La conclusion de l’accord de démarcation maritime s’explique par plusieurs raisons. Restée à l’écart des découvertes énergétiques en Méditerranée orientale, la Turquie, qui compte sur les importations pour couvrir 99 % de ses besoins gaziers, s’employait à trouver du gaz naturel dans ses eaux territoriales, sans succès. L’accord avec la Libye lui permet d’élargir sa ZEE, et donc d’augmenter ses chances d’en découvrir. Mais il la met en même temps en conflit avec Chypre et la Grèce qui considèrent la zone maritime turque ainsi démarquée comme faisant partie de leurs eaux territoriales ou de leurs ZEE.

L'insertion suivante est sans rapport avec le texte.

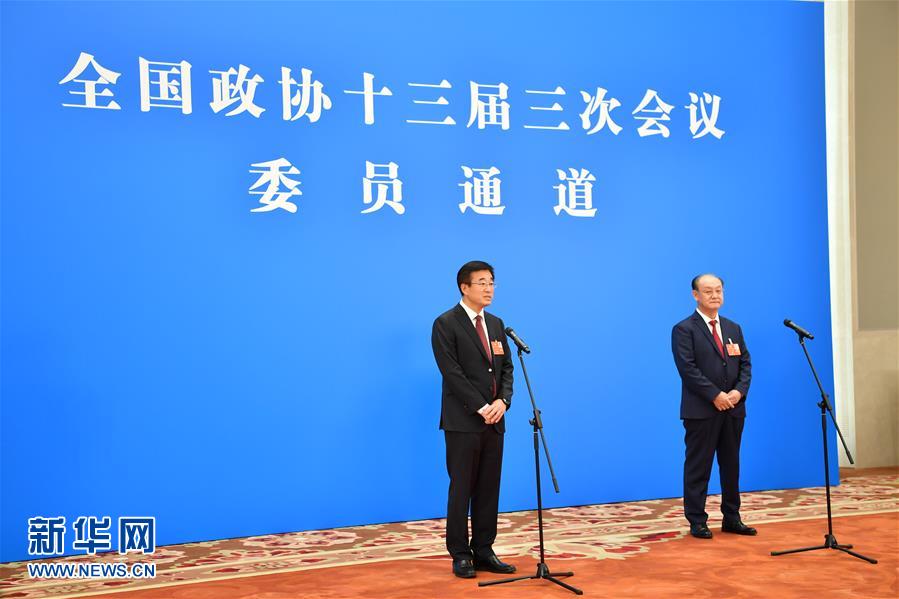 （兩會·政協開幕·XHDW）（1）接受采訪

L’accord entrave aussi le projet de construction d’un gazoduc sous-marin, dénommé EastMed pipeline, pour transporter le gaz naturel produit en Israël et à Chypre vers l’UE, via la Grèce et l’Italie. Ce projet, promu par Tel-Aviv, Nicosie et Athènes et soutenu par l’Europe, devrait, en cas de matérialisation, passer par la zone maritime turque délimitée par l’accord, ce qui nécessiterait un accord préalable d’Ankara. En cas de son accord, la Turquie imposerait des tarifs de passage. En somme, dans l’esprit de la Turquie, l’accord lui donnerait l’occasion de profiter d’une façon ou d’une autre de la manne gazière dans le bassin levantin, dont elle est restée jusqu’ici à l’écart. Il lui permettrait, estime-t-elle, d’exercer un droit de regard sur les projets futurs de coopération énergétique régionale.

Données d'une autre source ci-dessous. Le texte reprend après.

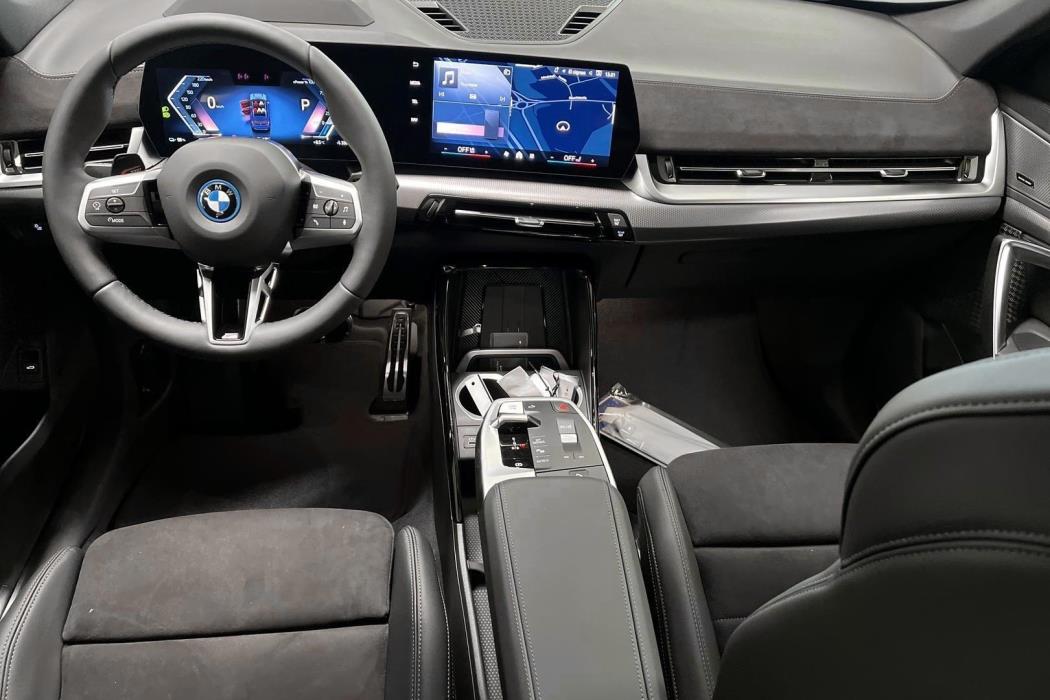 BMW iX1 2026
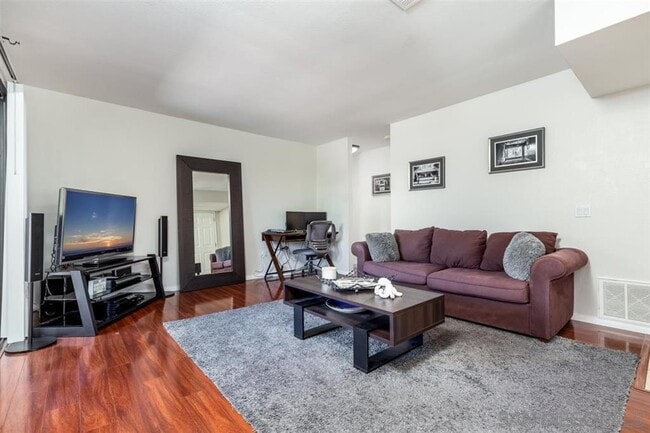 Building Photo - 10603 Dabney Dr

La Turquie cherche en deuxième lieu à étendre son influence en Libye en profitant du conflit armé qui sévit dans ce riche pays pétrolier. Un second volet du mémorandum d’entente conclu avec Tripoli porte, en effet, sur la coopération militaire, dont l’objectif est de prêter main-forte au Gouvernement d’Entente Nationale (GEN) de Fayez Al-Sarraj face à l’offensive militaire menée depuis le 4avril par le chef de l’Armée Nationale Libyenne (ANL), Khalifa Haftar, pour capturer la capitale et renverser le GEN. Ankara avait déjà envoyé des blindés et des drones au gouvernement de Tripoli dès l’été dernier, alors que le président Recep Tayyip Erdogan a annoncé, jeudi 26décembre, que son pays enverrait des troupes pour soutenir Tripoli.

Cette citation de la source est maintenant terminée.